(3)ぞうきん猫 ⑥子猫を育てるということ

庭猫 

(3)ぞうきん猫 ⑥子猫を育てるということ

 

子猫たちはときおり、一匹ずつ濡れ縁の下に降りていく。
ぞうきん猫が首をくわえて連れていくのだ。
なんのために下に連れていくのかと思っていたが、そのうち分かった。

サンルームの角から濡れ縁の下が見えるのだが、
猫のものではない長いしっぽがかいま見えた。
・・うすいピンクがかったしっぽには、
特徴あるしましま模様が確認できる。
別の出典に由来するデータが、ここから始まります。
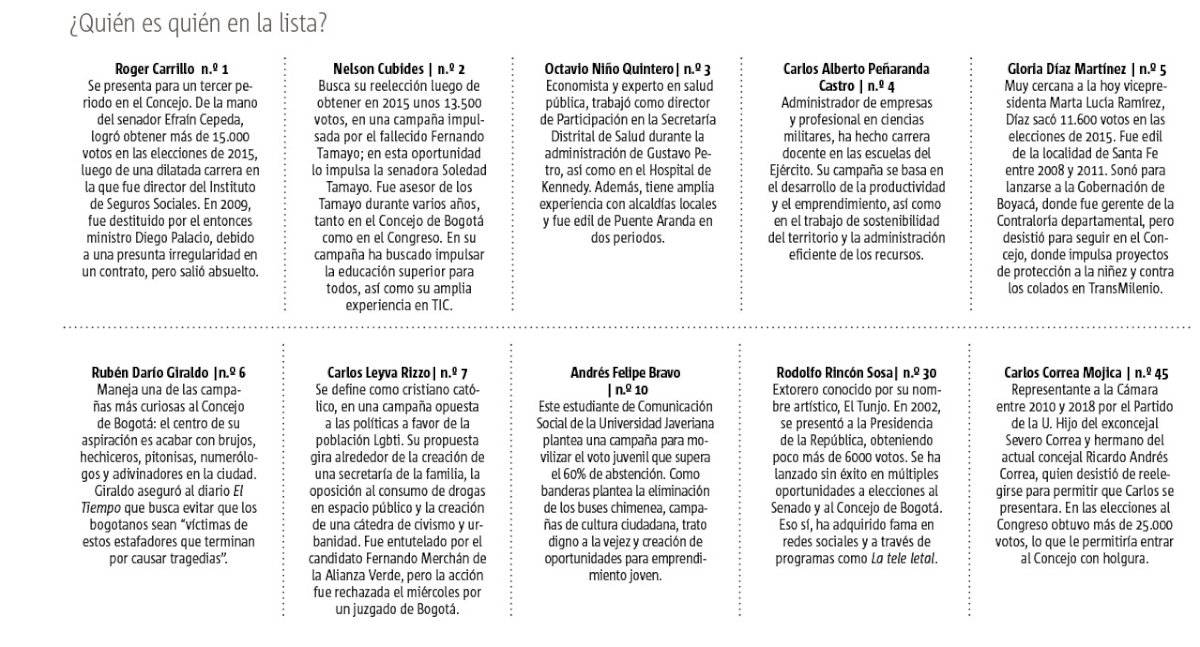Conservadores: a recuperar terreno político en el Concejo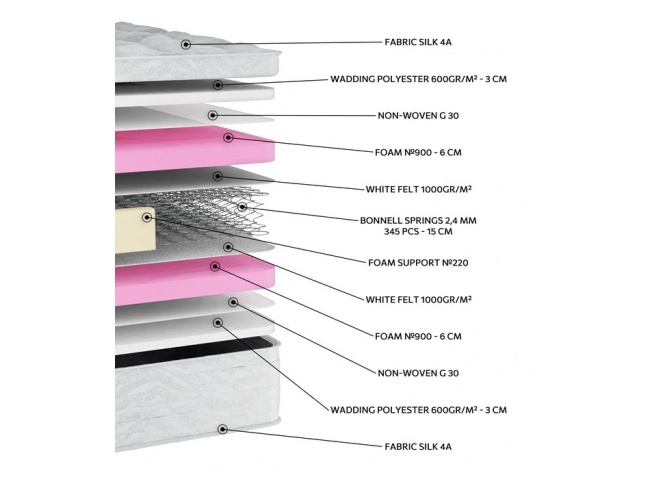 ΣΤΡΩΜΑ EN09 SILK SUPER SOFT - 2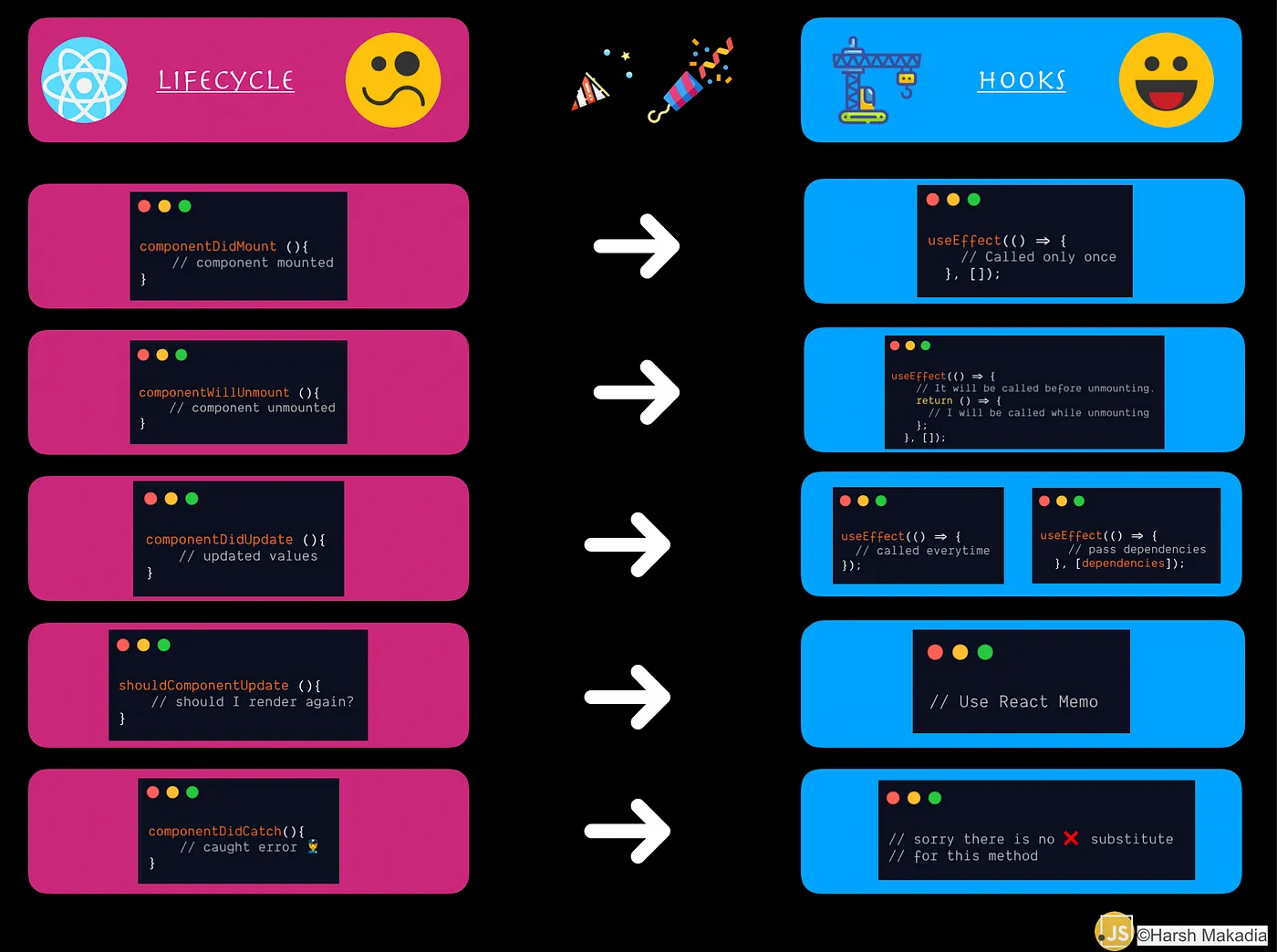 Lifecycle methods ca hook-uri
毛はない。
あれは・・
「ねずみだ!」
しっぽの長さだけでも、ざっと20センチはありそうだ。
きっと、とんでもない大ねずみにちがいない。
ドキドキした。
明日の朝、大ねずみの残骸を始末しなければならないのは、
「ひょっとしたら、わたし?」
・・いやな汗が背中を流れた。

外は大風が吹きまくり、大雨がたたきつけるように降り続いていた。
その風や雨が一瞬小やみになると、縁の下から、
『ガリ!』という不気味な音が聞こえた。
あれは、大ねずの骨を砕き肉を噛みちぎる音ではないか!?
クラクラした。
・・どうしたらいいだろう・・。
考えたって、しょうがない。
わたしは、無残な残骸を始末する覚悟を決めた。